I don’t like LLVM either, because its size and complexity are simply spiraling out of control, and especially because I consider the IR to be a total design failure. If I use LLVM at all, it would be version 4.0.1 or 3.4 at most. But it is the standard, especially if you want to run tests related to the question the fellow asked above. The alternative would be to build a frontend for GCC, but that is no less complex or time-consuming (and ultimately, you’re still dependent on binutils). However, C on LLVM or GCC should probably be considered the “upper bound” when it comes to how well a program can be optimized, and thus the benchmark for any performance measurement.

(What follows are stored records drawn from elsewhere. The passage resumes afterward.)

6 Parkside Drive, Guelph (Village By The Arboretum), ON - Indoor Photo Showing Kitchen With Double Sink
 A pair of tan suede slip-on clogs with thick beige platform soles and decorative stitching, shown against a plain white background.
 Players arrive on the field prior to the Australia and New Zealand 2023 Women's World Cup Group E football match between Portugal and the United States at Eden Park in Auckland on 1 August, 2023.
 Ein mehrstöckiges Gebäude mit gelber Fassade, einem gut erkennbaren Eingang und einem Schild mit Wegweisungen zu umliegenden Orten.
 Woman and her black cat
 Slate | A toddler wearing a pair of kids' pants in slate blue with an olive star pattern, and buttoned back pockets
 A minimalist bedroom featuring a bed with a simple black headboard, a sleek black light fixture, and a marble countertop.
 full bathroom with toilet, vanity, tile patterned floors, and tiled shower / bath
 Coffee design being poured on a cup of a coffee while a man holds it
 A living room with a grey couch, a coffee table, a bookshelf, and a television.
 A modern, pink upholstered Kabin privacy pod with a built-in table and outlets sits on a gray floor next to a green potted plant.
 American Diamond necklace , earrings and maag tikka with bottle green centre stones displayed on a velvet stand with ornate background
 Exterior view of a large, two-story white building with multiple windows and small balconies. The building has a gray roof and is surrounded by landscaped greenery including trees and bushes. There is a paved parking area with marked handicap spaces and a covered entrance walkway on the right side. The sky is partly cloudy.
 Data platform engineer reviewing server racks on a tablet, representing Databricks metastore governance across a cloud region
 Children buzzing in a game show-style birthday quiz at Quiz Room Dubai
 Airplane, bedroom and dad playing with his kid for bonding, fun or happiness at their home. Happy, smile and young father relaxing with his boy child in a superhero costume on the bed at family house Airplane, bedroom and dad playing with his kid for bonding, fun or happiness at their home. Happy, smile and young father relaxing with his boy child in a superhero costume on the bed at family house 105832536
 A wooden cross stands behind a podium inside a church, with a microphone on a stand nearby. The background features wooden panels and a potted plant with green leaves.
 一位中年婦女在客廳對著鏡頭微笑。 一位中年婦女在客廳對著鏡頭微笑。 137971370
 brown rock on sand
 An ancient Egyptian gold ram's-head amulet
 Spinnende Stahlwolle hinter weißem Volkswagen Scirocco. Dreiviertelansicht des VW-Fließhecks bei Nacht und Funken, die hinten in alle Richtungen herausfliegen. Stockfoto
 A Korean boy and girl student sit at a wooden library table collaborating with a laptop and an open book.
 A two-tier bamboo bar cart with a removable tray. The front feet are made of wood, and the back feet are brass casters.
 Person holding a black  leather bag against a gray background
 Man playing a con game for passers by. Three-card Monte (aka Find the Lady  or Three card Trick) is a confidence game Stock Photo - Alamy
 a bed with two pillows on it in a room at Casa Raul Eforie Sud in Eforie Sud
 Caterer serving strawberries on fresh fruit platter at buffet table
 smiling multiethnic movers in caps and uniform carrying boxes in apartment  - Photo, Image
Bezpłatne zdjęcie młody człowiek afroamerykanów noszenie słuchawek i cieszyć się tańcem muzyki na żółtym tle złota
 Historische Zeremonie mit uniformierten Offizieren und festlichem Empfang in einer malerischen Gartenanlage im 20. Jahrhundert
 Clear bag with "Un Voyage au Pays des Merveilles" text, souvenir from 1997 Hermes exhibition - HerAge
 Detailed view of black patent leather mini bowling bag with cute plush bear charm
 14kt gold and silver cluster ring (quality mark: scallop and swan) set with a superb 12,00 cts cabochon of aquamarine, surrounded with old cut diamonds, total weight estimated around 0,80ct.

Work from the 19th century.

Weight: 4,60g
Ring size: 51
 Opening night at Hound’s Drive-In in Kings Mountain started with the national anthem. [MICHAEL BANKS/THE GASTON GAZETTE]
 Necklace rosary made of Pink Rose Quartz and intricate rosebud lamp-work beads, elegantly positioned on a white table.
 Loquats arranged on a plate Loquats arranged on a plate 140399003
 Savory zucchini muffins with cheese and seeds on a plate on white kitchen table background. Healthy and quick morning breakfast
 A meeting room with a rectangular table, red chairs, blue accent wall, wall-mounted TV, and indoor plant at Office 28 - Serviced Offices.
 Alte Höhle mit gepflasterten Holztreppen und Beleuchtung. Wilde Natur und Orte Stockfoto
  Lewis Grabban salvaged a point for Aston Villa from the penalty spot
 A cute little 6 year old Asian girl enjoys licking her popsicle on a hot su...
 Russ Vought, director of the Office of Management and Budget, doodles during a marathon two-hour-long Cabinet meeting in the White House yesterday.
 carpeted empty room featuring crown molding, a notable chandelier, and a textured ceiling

> However, C on LLVM or GCC should probably be considered the “upper bound” when it comes to how well a program can be optimized, and thus the benchmark for any performance measurement.

Is it? Isn't it rather the case that C is too low level to express intent and (hence) offer room to optimize? I would expect that a language in which, e.g. matrix multiplication can be natively expressed, could be compiled to more efficient code for such.

I would rather expect, that for compilers which don't optimize well, C is the easiest to produce fairly efficient code for (well, perhaps BCPL would be even easier, but nobody wants to use that these days).

  • > I would expect that a language in which, e.g. matrix multiplication can be natively expressed, could be compiled to more efficient code for such.

    That's exactly the question we would hope to answer with such an experiment. Given that your language received sufficient investments to implement an optimal LLVM adaptation (as C did), we would then expect your language to be significantly faster on a benchmark heavily depending on matrix multiplication. If not, this would mean that the optimizer can get away with any language and the specific language design features have little impact on performance (and we can use them without performance worries).

When you call LLVM IR a design failure, do you mean its semantic model (e.g., memory/UB), or its role as a cross-language contract? Is there a specific IR propert that prevents clean mapping from Oberon?

  • Several historical design choices within the IR itself have created immense complexity, leading to unsound optimizations and severe compile-time bloat. It's not high-level enough so you e.g. don't have to care about ABI details, and it's not low-level enought to actually take care of those ABI details in a decent way. And it's a continuous moving target. You cannot implement something which then continus to work.